:: INPUT DATA ::
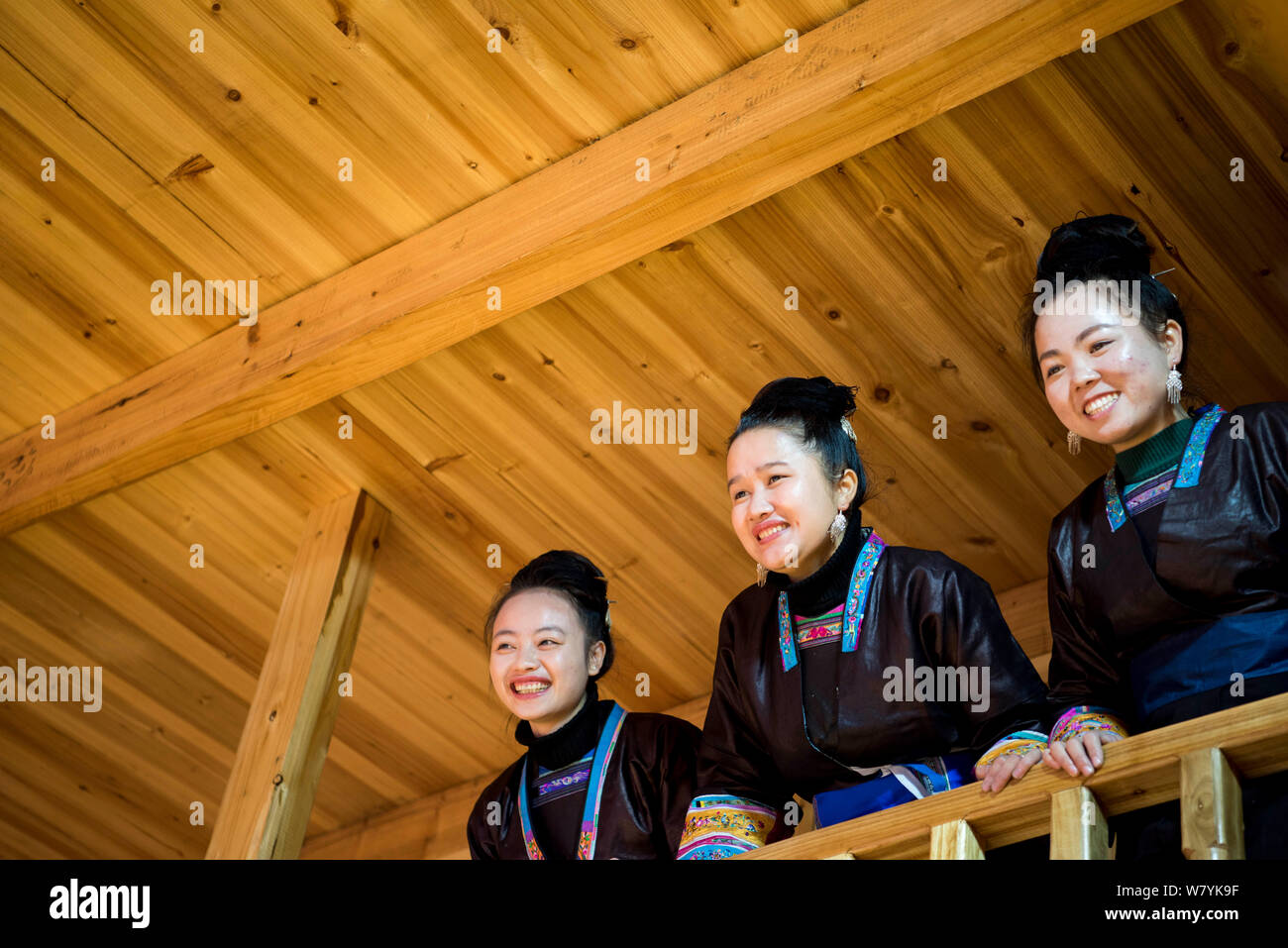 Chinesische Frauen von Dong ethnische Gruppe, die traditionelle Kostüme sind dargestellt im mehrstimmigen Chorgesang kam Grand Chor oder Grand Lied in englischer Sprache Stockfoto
:::
:: INPUT DATA ::
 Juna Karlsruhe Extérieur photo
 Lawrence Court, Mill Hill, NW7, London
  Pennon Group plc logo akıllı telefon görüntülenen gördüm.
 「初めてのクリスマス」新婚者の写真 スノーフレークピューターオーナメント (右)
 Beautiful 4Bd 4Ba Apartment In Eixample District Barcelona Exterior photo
:::
ACTION ITEM » Determine how many lines in the entries above hold the string "photo", then report that number and nothing further.

EXERCISE SOLUTION » 2